Yeah I cant believe it. Today had already been the best day in years before I even went fishing. My wife needs a kidney and today we found a donor that matches, like I said if I didn't catch a fish it didn't matter today. Anyways back to the fishing report... Two weeks ago I catch an absolute giant smallmouth. 21 inches and fat as a pig. I said in my fishing report back then that I doubted I'd ever again catch a fish to rival that fish in bulk in an Ohio stream. Little did I know that less than two weeks later I'd catch a fish in the same class. It's only 20.5 inches long but fat as a bluegill. Only 20.5? Never mind, forget I said something that stupid. It was 20.5 inches long and fat as a bluegill. Probably 5th or 6th on my pb Ohio length list but definitely in the top two for overall bulk. That's 35 or 40 years of fanatical 100 to 200 days a year fishing.
I'd been skunked at this spot twice in the last week. But it was in between several other places and so convenient to hit for a few minutes on the way to or from somewhere else. And it just looked so good. This time of year when the waters low and warm I'm looking for the fastest water in several miles of river. If there is a big fish feeding it will be there. And the warm water has their metabolism ramped up so they are more likely to feed. I remember posting last year I really hated for the hottest part of the year to go away. It really makes finding the best spot easier. Usually the very fastest water isn't water made that way by a natural feature. A big old bridge abutment, a washed out old dam, huge pieces of concrete dumped by a railroad, an old buick, that sort of thing. Something so big that it can stay right there in the fastest flow of the stream and funnel that making it even faster. Natural rocks in our southern Ohio rivers just aren't big enough not to be washed away in these kinds of places. There are exceptions of course, heck, Clifton Gorge on the Little Miami has rocks that look like they are from the Big South Fork or the New. But 99 percent of the time you want to find concrete in fast water. Not just fast but sweep you off your feet and drown you fast if you aren't paying attention.

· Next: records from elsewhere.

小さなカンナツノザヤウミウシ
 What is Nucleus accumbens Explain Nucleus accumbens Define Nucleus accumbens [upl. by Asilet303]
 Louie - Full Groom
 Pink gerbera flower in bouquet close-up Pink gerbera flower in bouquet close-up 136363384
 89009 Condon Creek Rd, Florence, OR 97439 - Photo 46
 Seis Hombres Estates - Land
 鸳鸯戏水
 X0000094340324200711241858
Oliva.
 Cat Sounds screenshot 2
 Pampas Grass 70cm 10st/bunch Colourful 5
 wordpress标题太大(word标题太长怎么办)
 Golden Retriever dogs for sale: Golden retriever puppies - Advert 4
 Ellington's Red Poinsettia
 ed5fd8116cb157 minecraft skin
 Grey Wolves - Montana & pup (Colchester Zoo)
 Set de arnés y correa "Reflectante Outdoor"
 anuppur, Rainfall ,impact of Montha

Which is exactly what this place had. A huge slab of concrete from who knows what or when sitting in fast head deep water shunting it all to one side creating a raging chute that looks like something out of a whitewater kayaking video. But I'd been skunked here twice. I had a pearl paddletail swimbait of Vic's on a plain roundball jighead. Three or four casts. Then I threw it into the edge of the fast water pulled it out and let it fall on a tight line. Thump. Okay it's a big channel, this is the kind of spot your about as likely to catch a cat as a smallmouth. Then it comes up. And everything seemed to speed up till I slid her out on the gravel. It's been one hell of a neat day...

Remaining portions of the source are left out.